Even in beta, it is much more attractive than MySQL (from a DBA point of view).
Duh!
Small projects don't fork, someone else just starts from scratch. Big projects can't often afford to do that, they evolve. There is an awkward size where working big lacks critical mass but working small can't quite deliver. If forking had a better name, more of these projects could achieve critical mass.
Uncertainty and doubt over the ethics and practicalities of forking breeds fear and that, by any other name, is FUD.
Survival of the fittest
This is not necessarily a good or a bad thing, but it is a much truer reflection of true competition than proprietary software, where monopolies tend to arise, which stifles innovation. Therefore I think that while forks still have a stigma, they are essential to innovation. This is why Linus' git is so popular, it actively encourages you to fork the code and experiment with it.

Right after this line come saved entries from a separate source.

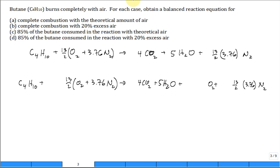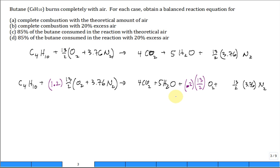For 20 percent excess air, put 1.2 in front of the oxygen term. Over here on the products side you're gonna have 0.2 times 13/2 O2 — that's the leftover excess oxygen. For the nitrogen you also use 1.2, so you have more nitrogen and more oxygen. A lot of the oxygen was consumed, but you still have 20 percent of the 13/2 kilomoles of O2 left over. That's the answer for Part B.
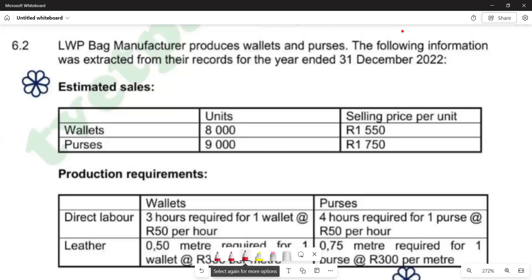Hello there, welcome to the course of management accounting. In this video, we want to look at question 6.2 from the question paper on the preparation of budgets. We are going to prepare the labour budget and the manufacturing overhead budget in particular. The question involves LWPBG manufacturer, which produces wallets and cases. The following information was extracted from their records for the year ending December 2022.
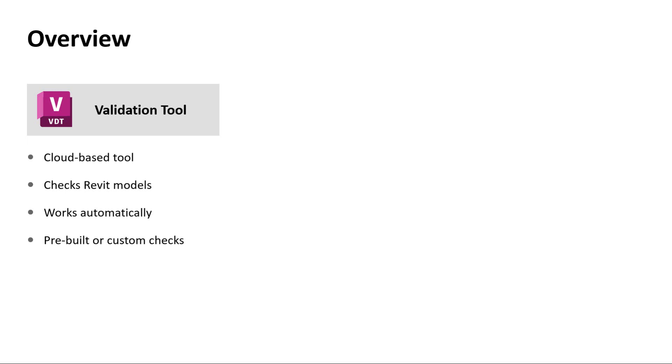The Autodesk Validation Tool is an online application that can automatically check Revit models based on a set of BIM requirements and generate a compliance report.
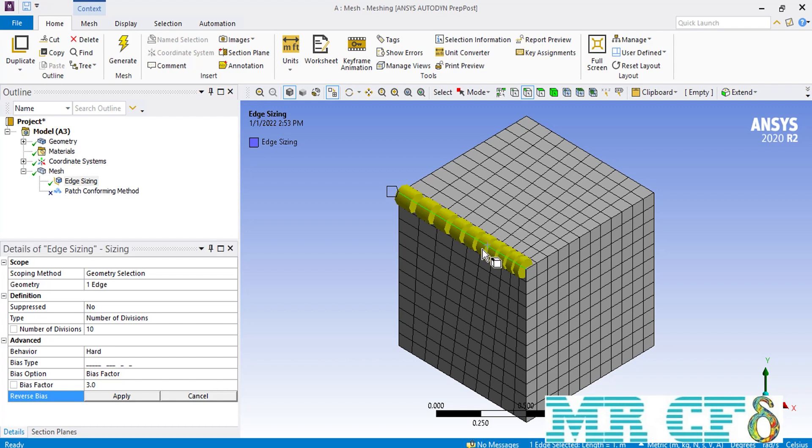For example, if you select the shown edge here, you would see that the direction of the bias applied over this edge would be in the opposite direction.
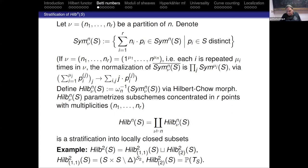For instance, for the Hilbert scheme of two points on S, we have two strata: Hilb^{1,1}(S), which is (S × S minus the diagonal) divided by S_2, and Hilb^{2}(S), where the sub-scheme is concentrated at one point. We had seen that this is just the projectivization of the tangent bundle of S — a P^1-bundle over S.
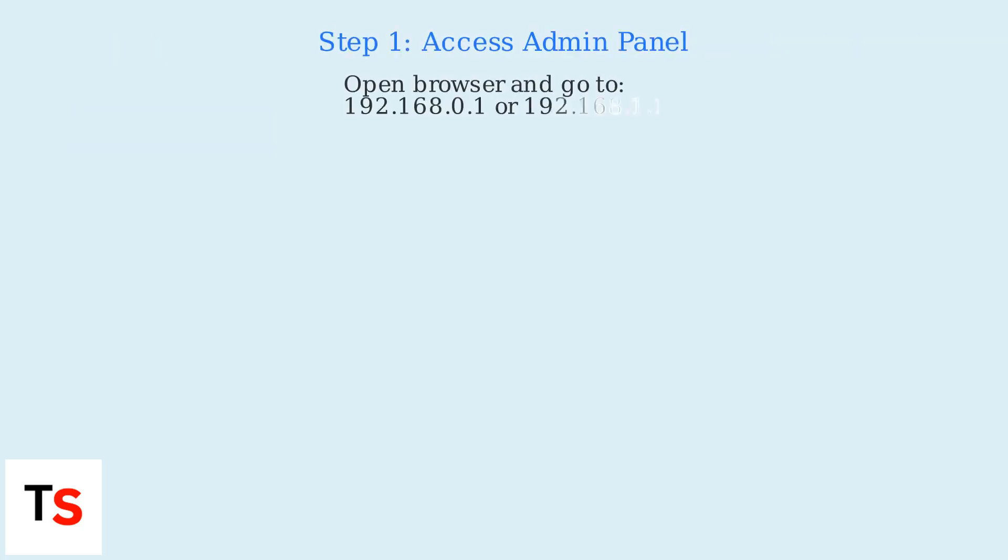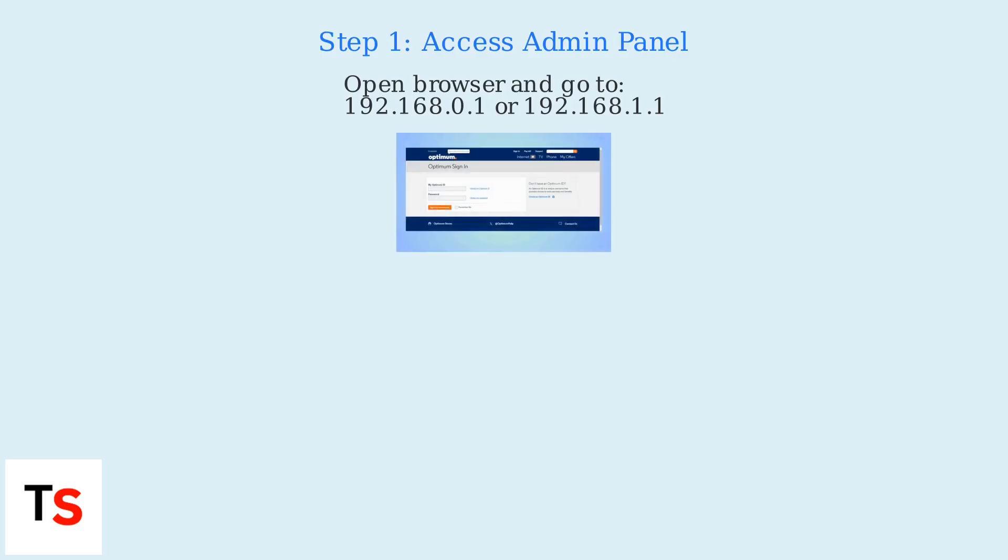To enable Bridge Mode on your Optimum router, start by accessing the Admin panel. Open your web browser and type either 192.168.1 or 192.168.1.1 into the address bar.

In doing this, FOSS has quite literally taken on a life of its own, and ensured its own survival. The only question is whether proprietary software is going to be able to keep up.
Yet again, Bruce says something controversial to prove he doesn't get it....
Trinity KDE not exactly a fork
As such it's more of a "passing the baton to continue the race" than a "fork in the road in different directions", at least imho.
As for why it has the name Trinity, it's to avoid confusion over the idea that KDE (the community) itself is arranging these ongoing releases. One of the side effects of having called everything "KDE" in the past.